• [WHAT YOU SHOULD DO] The required output is the line containing "iPhone 14 Plus" followed by each line through the end of the data below, repeated exactly and with nothing added.

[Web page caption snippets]
☆ ☆ ☆

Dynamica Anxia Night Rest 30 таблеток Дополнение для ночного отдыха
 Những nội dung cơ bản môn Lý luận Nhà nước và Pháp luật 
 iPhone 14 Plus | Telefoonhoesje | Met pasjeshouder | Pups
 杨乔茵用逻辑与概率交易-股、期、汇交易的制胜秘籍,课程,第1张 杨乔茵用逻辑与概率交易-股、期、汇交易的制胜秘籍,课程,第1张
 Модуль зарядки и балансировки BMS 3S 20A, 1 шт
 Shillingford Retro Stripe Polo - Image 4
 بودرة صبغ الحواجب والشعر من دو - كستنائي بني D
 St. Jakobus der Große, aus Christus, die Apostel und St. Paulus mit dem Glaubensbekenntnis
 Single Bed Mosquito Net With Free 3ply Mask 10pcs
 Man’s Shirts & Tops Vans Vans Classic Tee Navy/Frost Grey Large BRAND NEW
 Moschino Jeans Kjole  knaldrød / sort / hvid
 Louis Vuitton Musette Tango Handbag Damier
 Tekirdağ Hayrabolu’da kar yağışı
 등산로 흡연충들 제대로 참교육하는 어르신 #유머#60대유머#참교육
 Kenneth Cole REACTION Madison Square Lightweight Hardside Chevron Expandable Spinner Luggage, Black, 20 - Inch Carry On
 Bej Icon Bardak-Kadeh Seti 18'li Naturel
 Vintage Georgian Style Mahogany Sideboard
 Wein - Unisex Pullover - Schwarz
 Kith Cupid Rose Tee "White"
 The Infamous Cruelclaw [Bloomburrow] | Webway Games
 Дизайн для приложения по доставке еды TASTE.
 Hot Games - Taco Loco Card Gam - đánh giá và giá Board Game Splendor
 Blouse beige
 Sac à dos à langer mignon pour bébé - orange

☆ ☆ ☆

• [RESPONSE TO THIS EXERCISE]
 iPhone 14 Plus | Telefoonhoesje | Met pasjeshouder | Pups
 杨乔茵用逻辑与概率交易-股、期、汇交易的制胜秘籍,课程,第1张 杨乔茵用逻辑与概率交易-股、期、汇交易的制胜秘籍,课程,第1张
 Модуль зарядки и балансировки BMS 3S 20A, 1 шт
 Shillingford Retro Stripe Polo - Image 4
 بودرة صبغ الحواجب والشعر من دو - كستنائي بني D
 St. Jakobus der Große, aus Christus, die Apostel und St. Paulus mit dem Glaubensbekenntnis
 Single Bed Mosquito Net With Free 3ply Mask 10pcs
 Man’s Shirts & Tops Vans Vans Classic Tee Navy/Frost Grey Large BRAND NEW
 Moschino Jeans Kjole  knaldrød / sort / hvid
 Louis Vuitton Musette Tango Handbag Damier
 Tekirdağ Hayrabolu’da kar yağışı
 등산로 흡연충들 제대로 참교육하는 어르신 #유머#60대유머#참교육
 Kenneth Cole REACTION Madison Square Lightweight Hardside Chevron Expandable Spinner Luggage, Black, 20 - Inch Carry On
 Bej Icon Bardak-Kadeh Seti 18'li Naturel
 Vintage Georgian Style Mahogany Sideboard
 Wein - Unisex Pullover - Schwarz
 Kith Cupid Rose Tee "White"
 The Infamous Cruelclaw [Bloomburrow] | Webway Games
 Дизайн для приложения по доставке еды TASTE.
 Hot Games - Taco Loco Card Gam - đánh giá và giá Board Game Splendor
 Blouse beige
 Sac à dos à langer mignon pour bébé - orange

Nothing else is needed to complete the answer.